▶ _Problem_: Copy the data exactly; pictures stay out of the copy.

▶ _Given material_:
↓

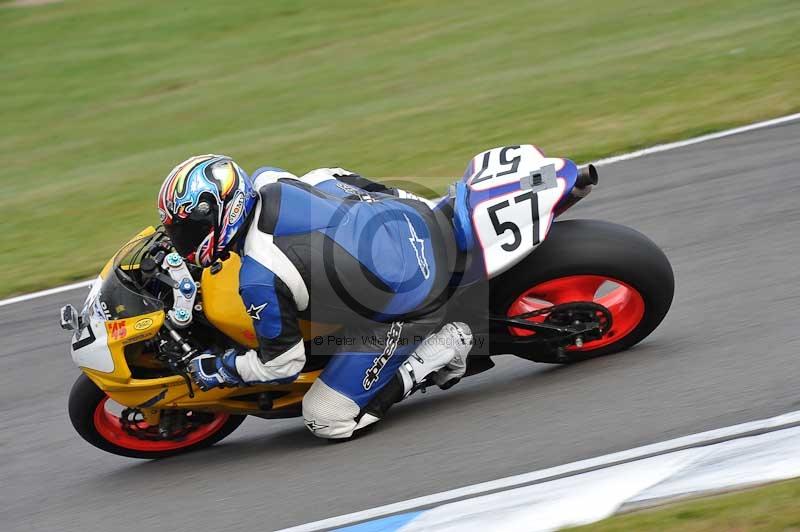 Motorcycle action photographs;donington;donington park leicestershire;donington photographs;event digital images;eventdigitalimages;no limits trackday;peter wileman photography;trackday;trackday digital images;trackday photos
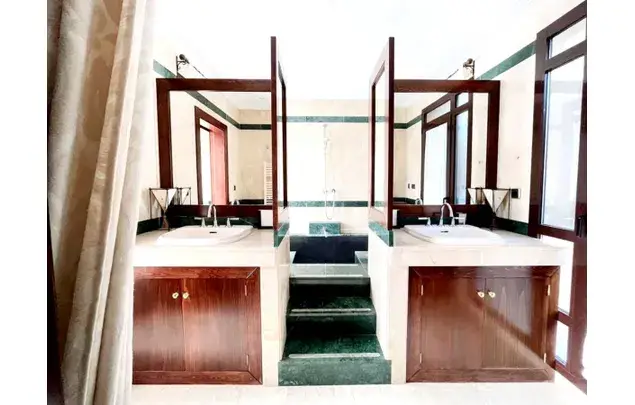 Casa de Lujo en Bahia de Banus 3 Dormitorios 299m2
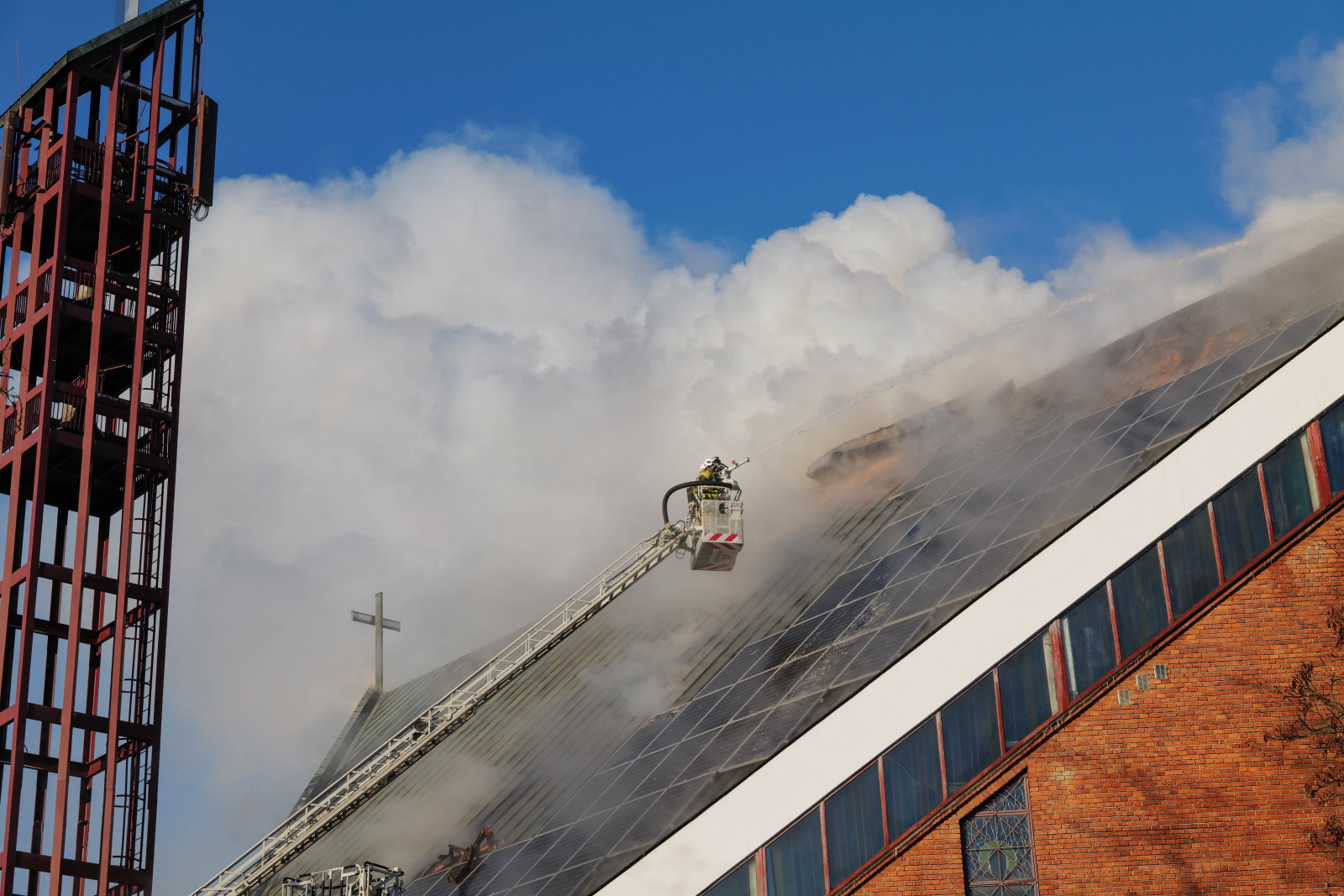 Lublin: Komunikat abp. Stanisława Budzika w związku z pożarem kościoła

↑

▶ _Task solution_:
 Motorcycle action photographs;donington;donington park leicestershire;donington photographs;event digital images;eventdigitalimages;no limits trackday;peter wileman photography;trackday;trackday digital images;trackday photos
 Casa de Lujo en Bahia de Banus 3 Dormitorios 299m2
 Lublin: Komunikat abp. Stanisława Budzika w związku z pożarem kościoła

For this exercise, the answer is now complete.